The main purpose of the first step is to find out if the person can follow simple instructions and provide us with all the information we requested.

Step 2 – 30min Informal Interview

The reason we make this informal is to make the applicant comfortable. We want to create an environment where they can be their authentic self, which helps us get a feel on who they are as a person.

In terms of questions, we’ve had a lot of success with these three:

  • How would your best friend describe you? This is basically the same as asking “How would you describe yourself?”, but with this question people often go to a self-promotion mode and say things they think we want to hear. Asking it from the perspective of their best friend, they tend to answer with qualities relating to their character (e.g. funny, loyal, trustworthy…).
  • Tell me something about yourself that isn’t on your resume. With this, we always provide more context before we let them answer. “For example, our Lead Stylist Jenessa is obsessed with plants and names them. I collect board games, I’m a bit weird as well.” Doing this gives them permission to talk about something that isn’t work-related. Are they fun to be around? Are they interesting?
  • How many sofas do you think there are in Australia? Weird, right? This non-sensical question is meant to throw them and put them under a bit of pressure. It has no specific answer, but we just want to see how they deal with that. The only wrong answer to this is to say “I don’t know” with no attempts to resolve it. The reason we ask this is to see how they think on their feet when there’s no specific black or white answer. Because let’s be honest, in this industry they will get in situations like that quite often.

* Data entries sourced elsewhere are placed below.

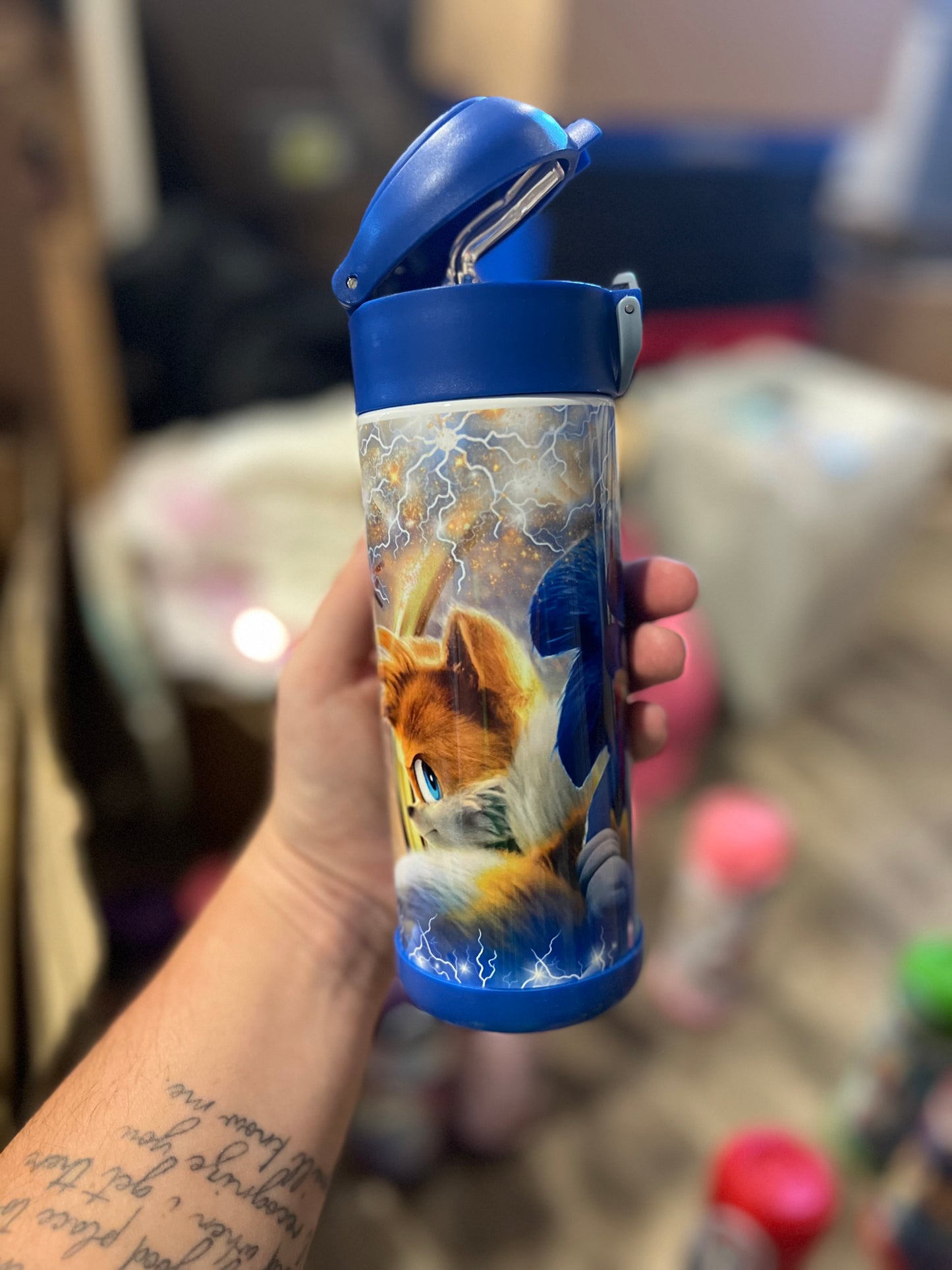 12oz Sonic & Friends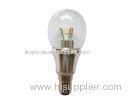 240LM 3 Watt Dimmable Led Candle Light Bulb Energy Saving , Aluminum Alloy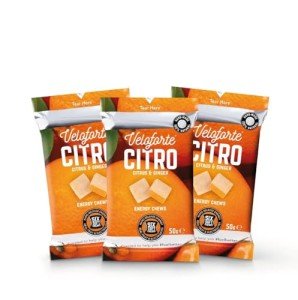Citrus Energy Chews with Ginger - 24 Pack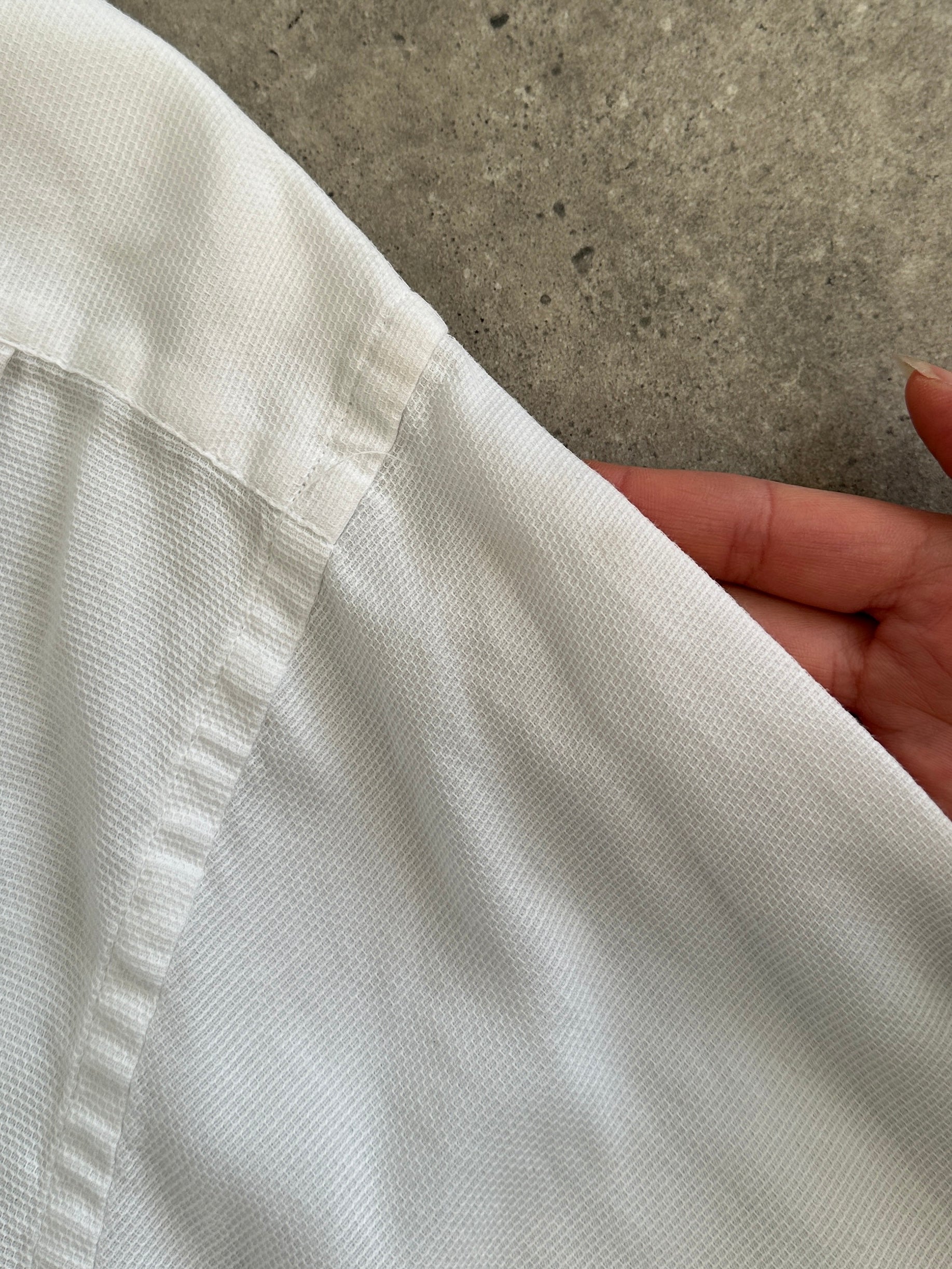 Yves Saint Laurent Cotton Logo Shirt - M/L - SYLK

PS: We never check references. I can literally hear the PR people screaming at the screen right now, but I’ll be honest – I don’t see the value in calling the three people they selected to hear about how great they are. That’s what the Trial Day is for, which brings us to the next step.

Step 3 – Paid Trial Day

This is a good way for us to see them in action and observe how they work and interact with the team. It also gives them a chance to find out what we do and who we are. We are very fast-paced and even though we make a point of saying it to people at the time of the interview, most are still surprised and admit to having underestimated the term “fast-paced”. After this day we talk to the rest of the team to obtain their feedback and then we establish whether they are the right fit.

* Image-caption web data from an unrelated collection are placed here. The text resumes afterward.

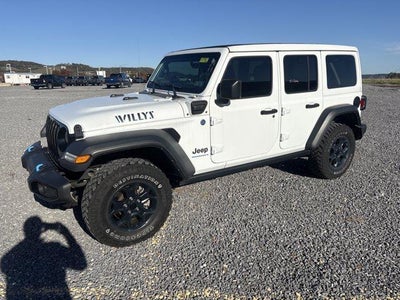 2023 Jeep Wrangler 4xe Willys 4x4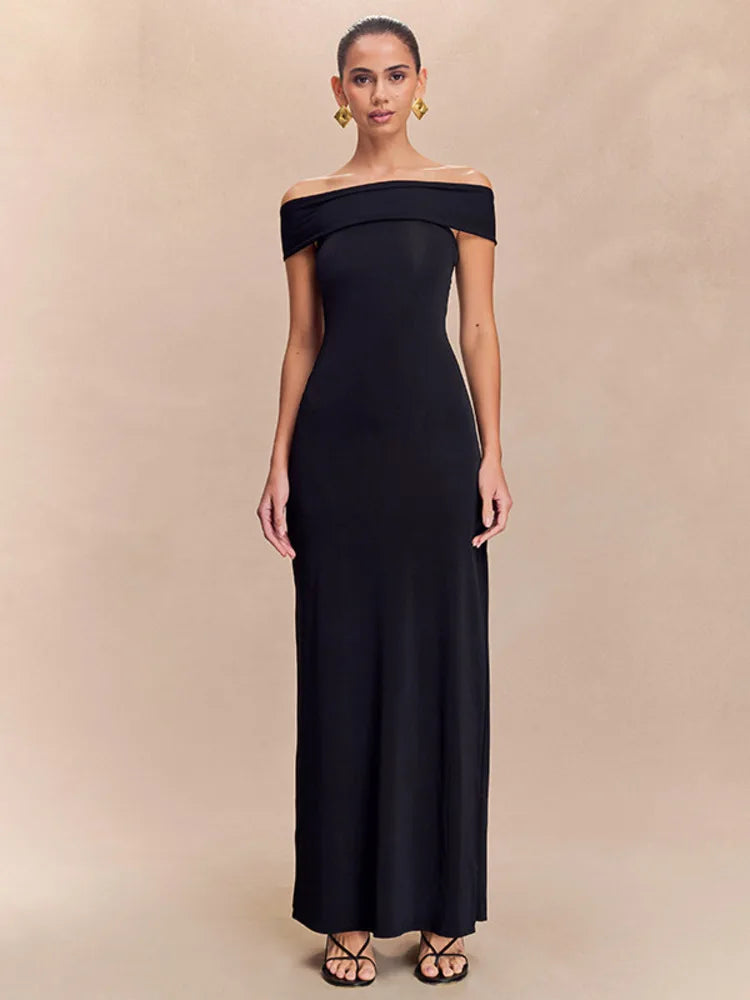 שמלת מקסי-טליה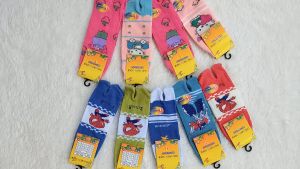 Harga Per-Lusin Kaos Kaki Anak Jempol Karakter
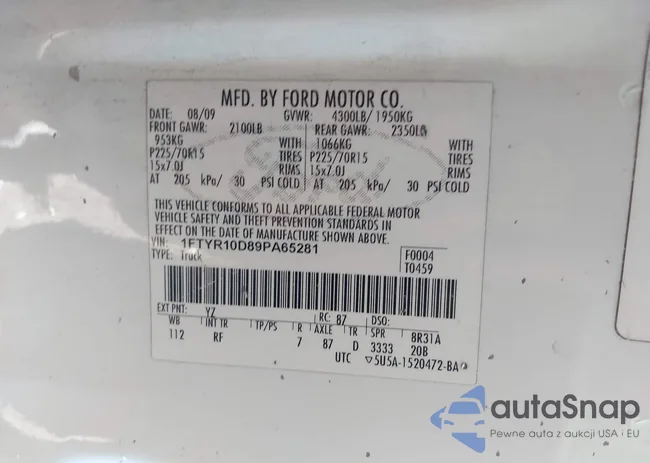 1FTYR10D89PA65281: 38306429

Firing is a lot scarier than hiring, especially for someone like me who dislikes conflict. If hiring is guessing, firing is knowing. And I guarantee that you will know, because the wrong person will have a direct negative impact on the team morale and performance.

As a business leader, you need to make sure that you give new people the resources, support, and opportunities they need to grow. Of course, they will make mistakes, you have to accept that. But when it becomes clear that the person is not suitable for the job, you are responsible to make that decision for your business and your team.

At Foxy, we had to let four employees go. Two times the decision was made during probation and both people agreed that it didn’t quite feel right.

The other two times, they were both Stylists who have been with us for a while. In hindsight, we got it wrong and made the mistake of waiting too long. None of these decisions were made because there was a big ‘fire-able’ reason, it was just an accumulation of numerous small actions that added up and brought us to the conclusion “We’ve tried, and it didn’t work.” By the time it got to this point, they knew it was coming and were relieved we initiated the conversation.

Thanks for reading!

I sincerely hope you got some value out of this.